His silver, gold and navy bike features the names of all 94 military members also honored at the newly dedicated Operation Freedom Memorial at Wichita’s Veterans Memorial Park.
Schoonover, a Hutchinson resident, has been part of the American Legion Riders and the Patriot Guard since 2005. He said he served in the Army in Germany from 1979 to 1984.
“When I bought this bike here, I thought it was such a beautiful bike it would be a great way to pay tribute to all the young men and women who paid the ultimate sacrifice,” Schoonover said.
Innovative Tint & Graphics in Hutchinson lettered the names for free, Schoonover said. The last name added was that of Sgt. 1st Class Forrest W. Robertson, who died in November in Afghanistan. Schoonover said it’s always emotional to add a name. He said he hoped he didn’t have to add any more but knows he probably will. The names are on vinyl lettering. When the current wars America is fighting are over, he hopes to have the names hand-painted on the bike.
A truck driver, Schoonover keeps two laminated pages that contain the photo and information about each military member with him on the bike. Their pictures also have been programmed into his bike’s GPS device.
“I’ve looked at them so many times I feel like I know them,” he said.
The bike is not just a show bike, he said.
“It’s a rider. It goes everywhere,” he said. “I always get people commenting on it.”
Schoonover brought the bike to the Operation Freedom Memorial recently. Family members of fallen soldiers surrounded him, taking pictures of the bike.
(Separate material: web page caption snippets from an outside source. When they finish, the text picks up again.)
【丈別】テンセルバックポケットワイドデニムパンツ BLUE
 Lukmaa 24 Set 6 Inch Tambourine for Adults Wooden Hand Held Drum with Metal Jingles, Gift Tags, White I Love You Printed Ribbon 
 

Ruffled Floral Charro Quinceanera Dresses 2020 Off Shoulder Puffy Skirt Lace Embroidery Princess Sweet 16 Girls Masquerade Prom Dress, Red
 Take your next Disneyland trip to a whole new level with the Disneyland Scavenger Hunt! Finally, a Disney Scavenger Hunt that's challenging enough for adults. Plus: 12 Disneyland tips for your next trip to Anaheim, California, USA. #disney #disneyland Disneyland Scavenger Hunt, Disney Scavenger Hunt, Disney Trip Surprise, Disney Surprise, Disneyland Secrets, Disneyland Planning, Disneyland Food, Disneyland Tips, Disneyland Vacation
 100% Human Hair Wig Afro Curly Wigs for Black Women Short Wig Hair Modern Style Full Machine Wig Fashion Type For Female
“It’s always very moving to hear the stories and very humbling,” Schoonover said. “The bike is my way of making sure their memories stay alive.”
Anita Dixon, president and founder of Operation Freedom Memorial Foundation Inc., lost her son, U.S. Army Sgt. Evan Parker, in 2005. He died from wounds he suffered while he was deployed in Iraq.
She’s been on the bike with Schoonover.
“When I first saw the bike, I was just blown away,” she said. “I’m very honored. I know a lot of hard work and tears and pride has gone into him creating that bike. It just means a lot to so many of us.”